Start of AVAILABLE DATA
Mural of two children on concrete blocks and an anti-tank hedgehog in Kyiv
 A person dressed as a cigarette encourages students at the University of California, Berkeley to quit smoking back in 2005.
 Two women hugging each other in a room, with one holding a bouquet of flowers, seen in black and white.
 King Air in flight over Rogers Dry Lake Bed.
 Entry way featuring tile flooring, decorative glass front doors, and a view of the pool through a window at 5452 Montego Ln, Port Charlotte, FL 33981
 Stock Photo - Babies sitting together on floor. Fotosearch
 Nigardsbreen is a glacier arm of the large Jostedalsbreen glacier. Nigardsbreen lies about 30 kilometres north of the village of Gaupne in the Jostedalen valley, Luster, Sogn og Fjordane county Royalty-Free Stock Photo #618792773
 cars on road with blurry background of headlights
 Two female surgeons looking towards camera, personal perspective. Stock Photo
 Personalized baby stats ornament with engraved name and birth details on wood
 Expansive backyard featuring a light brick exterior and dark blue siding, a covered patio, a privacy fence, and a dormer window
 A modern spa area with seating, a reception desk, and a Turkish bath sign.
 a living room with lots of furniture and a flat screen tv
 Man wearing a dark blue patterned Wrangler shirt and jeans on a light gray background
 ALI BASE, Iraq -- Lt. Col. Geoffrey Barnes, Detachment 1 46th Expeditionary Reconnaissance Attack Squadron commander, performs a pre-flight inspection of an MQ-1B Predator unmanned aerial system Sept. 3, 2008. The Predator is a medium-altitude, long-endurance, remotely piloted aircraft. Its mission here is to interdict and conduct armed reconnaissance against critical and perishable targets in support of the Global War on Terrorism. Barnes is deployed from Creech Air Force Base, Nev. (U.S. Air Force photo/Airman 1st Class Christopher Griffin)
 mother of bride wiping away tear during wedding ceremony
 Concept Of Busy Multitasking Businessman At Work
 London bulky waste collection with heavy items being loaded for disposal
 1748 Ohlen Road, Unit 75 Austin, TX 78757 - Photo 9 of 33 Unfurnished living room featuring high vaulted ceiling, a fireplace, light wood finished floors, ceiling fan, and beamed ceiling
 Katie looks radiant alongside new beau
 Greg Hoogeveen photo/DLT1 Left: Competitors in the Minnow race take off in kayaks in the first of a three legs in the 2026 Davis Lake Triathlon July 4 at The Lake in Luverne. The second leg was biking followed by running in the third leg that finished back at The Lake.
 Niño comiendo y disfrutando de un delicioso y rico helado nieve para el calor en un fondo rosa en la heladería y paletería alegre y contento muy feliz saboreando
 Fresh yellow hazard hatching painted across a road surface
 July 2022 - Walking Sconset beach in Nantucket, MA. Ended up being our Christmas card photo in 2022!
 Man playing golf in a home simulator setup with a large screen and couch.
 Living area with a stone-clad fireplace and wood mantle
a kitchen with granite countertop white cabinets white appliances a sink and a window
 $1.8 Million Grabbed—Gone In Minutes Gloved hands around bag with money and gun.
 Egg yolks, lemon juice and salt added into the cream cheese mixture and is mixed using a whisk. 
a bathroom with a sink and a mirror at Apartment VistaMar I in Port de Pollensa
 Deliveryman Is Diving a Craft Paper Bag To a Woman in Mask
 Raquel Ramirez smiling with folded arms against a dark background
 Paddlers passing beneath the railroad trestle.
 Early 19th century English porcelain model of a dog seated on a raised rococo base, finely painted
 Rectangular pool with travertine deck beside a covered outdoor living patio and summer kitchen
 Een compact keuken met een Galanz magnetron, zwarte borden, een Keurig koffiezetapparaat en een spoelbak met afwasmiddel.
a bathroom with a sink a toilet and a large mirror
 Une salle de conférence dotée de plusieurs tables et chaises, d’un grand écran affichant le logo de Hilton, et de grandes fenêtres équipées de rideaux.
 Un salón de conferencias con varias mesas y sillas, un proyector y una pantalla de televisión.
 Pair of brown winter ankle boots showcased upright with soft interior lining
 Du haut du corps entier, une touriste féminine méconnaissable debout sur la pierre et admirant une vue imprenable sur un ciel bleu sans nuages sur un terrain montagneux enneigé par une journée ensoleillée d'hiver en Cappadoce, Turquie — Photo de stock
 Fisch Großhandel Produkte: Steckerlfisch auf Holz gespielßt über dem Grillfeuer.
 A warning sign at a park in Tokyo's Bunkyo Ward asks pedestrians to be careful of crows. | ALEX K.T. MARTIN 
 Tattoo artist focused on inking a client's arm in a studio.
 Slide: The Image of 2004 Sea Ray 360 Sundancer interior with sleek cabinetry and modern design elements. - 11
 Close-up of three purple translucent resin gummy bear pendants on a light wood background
End of AVAILABLE DATA
• TO DO:
Please give only the number of lines above that contain "finished".

• COMPLETED TASK:
2